Your task is to extract every entry that follows word for word while excluding the pictures.

## Provided data

********

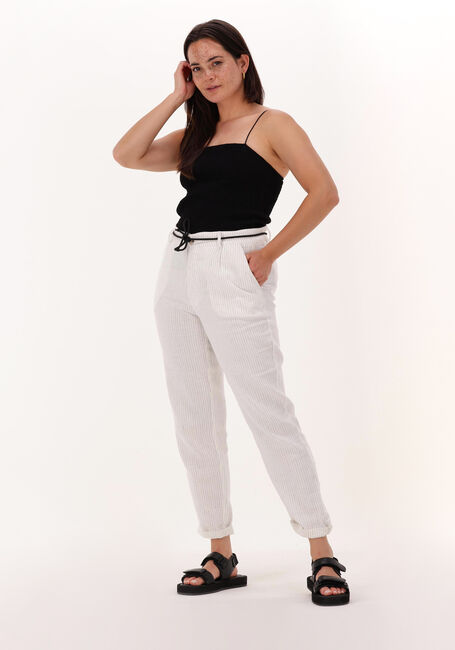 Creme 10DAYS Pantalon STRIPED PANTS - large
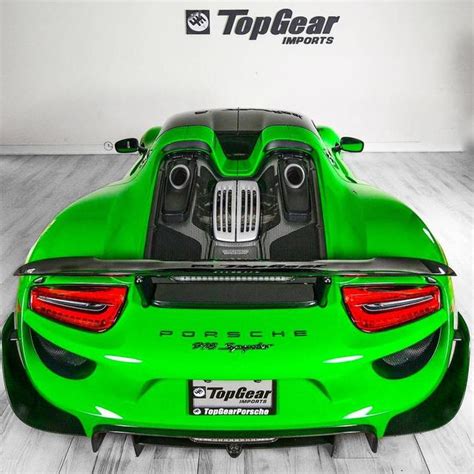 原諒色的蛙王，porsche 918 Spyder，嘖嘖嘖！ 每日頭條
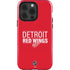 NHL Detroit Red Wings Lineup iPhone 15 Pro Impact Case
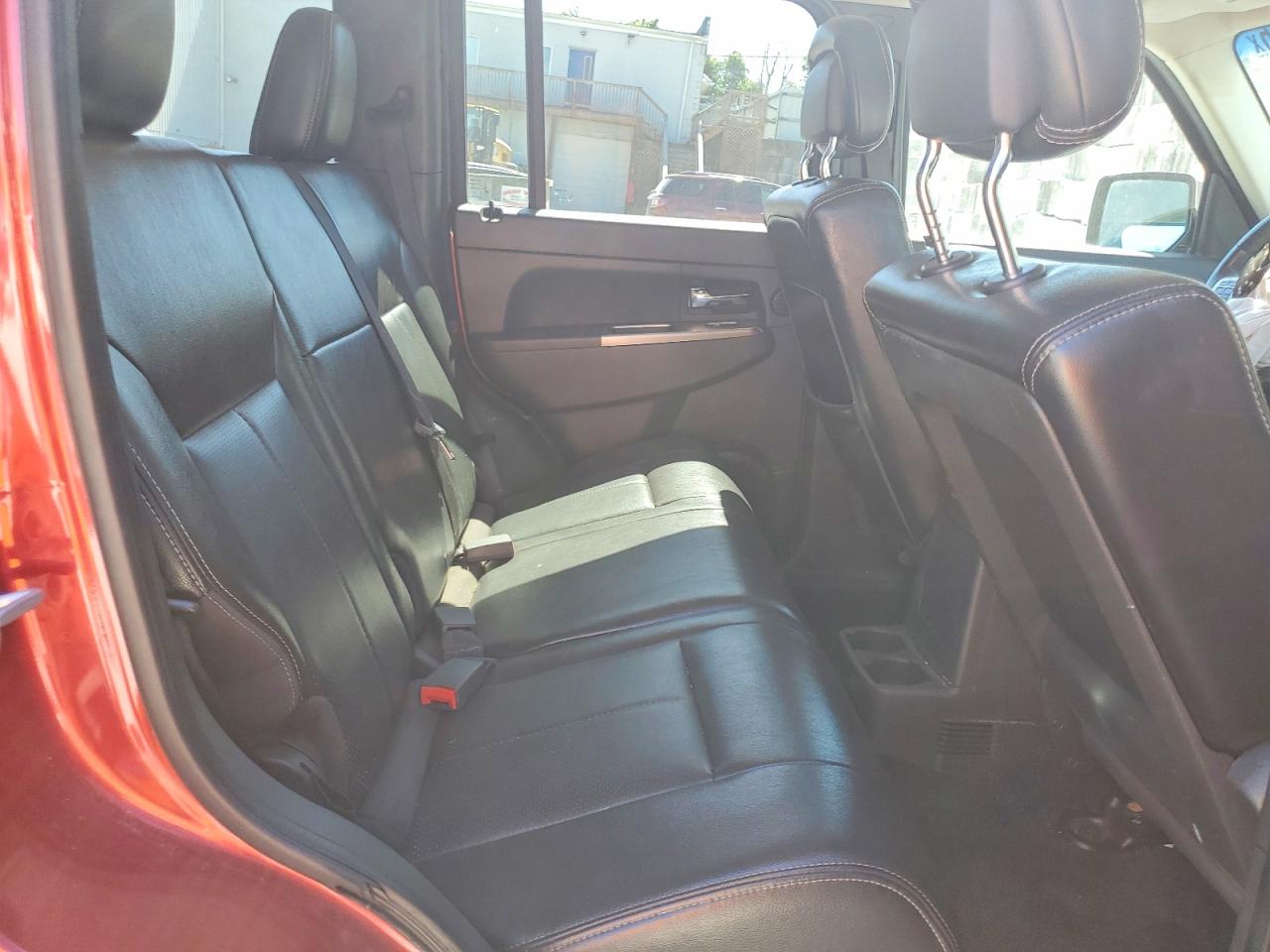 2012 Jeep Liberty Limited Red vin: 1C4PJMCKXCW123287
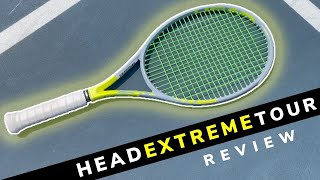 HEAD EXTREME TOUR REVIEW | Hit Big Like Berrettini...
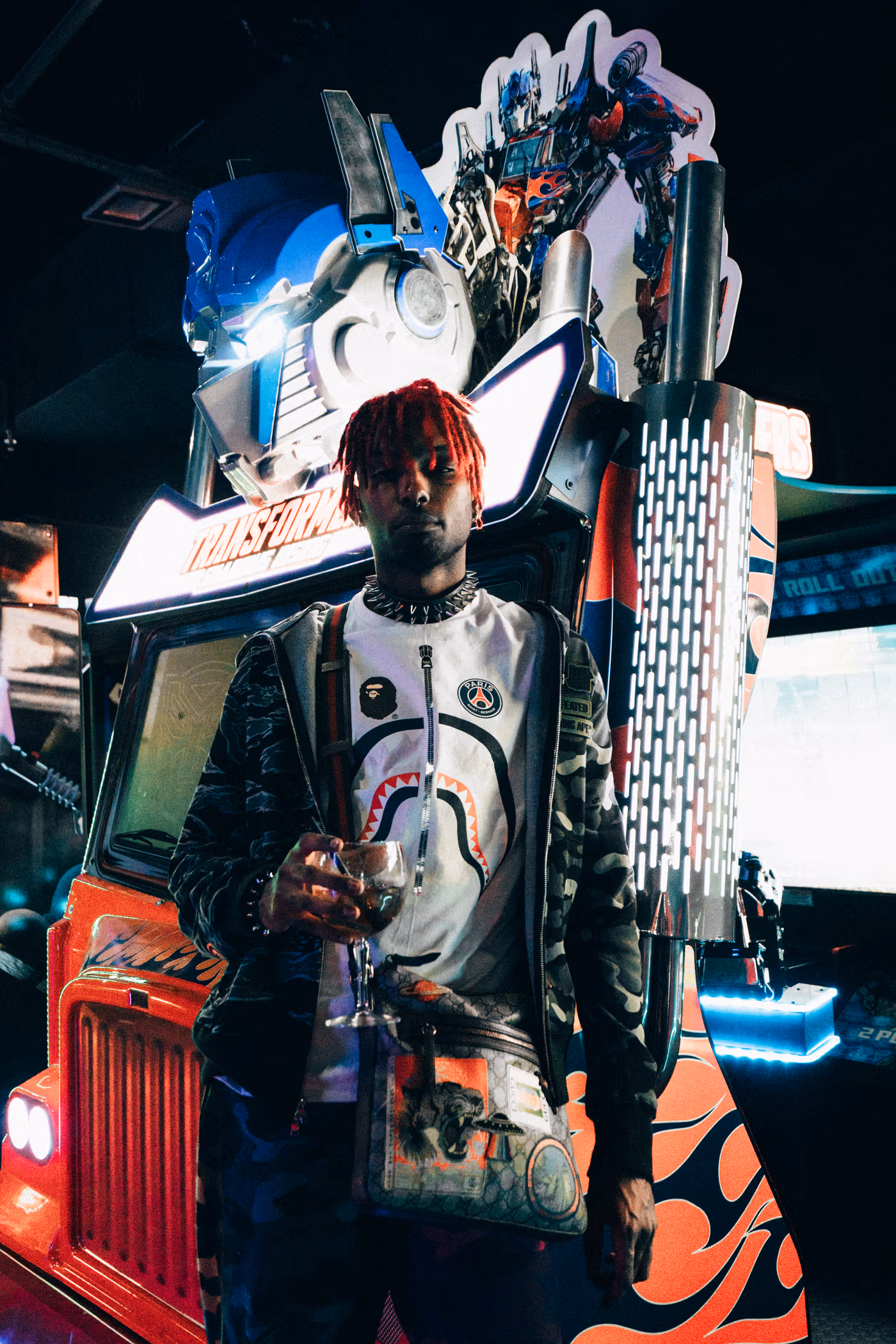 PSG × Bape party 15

********

## Written answer
 Creme 10DAYS Pantalon STRIPED PANTS - large
 原諒色的蛙王，porsche 918 Spyder，嘖嘖嘖！ 每日頭條
 NHL Detroit Red Wings Lineup iPhone 15 Pro Impact Case
 2012 Jeep Liberty Limited Red vin: 1C4PJMCKXCW123287
 HEAD EXTREME TOUR REVIEW | Hit Big Like Berrettini...
 PSG × Bape party 15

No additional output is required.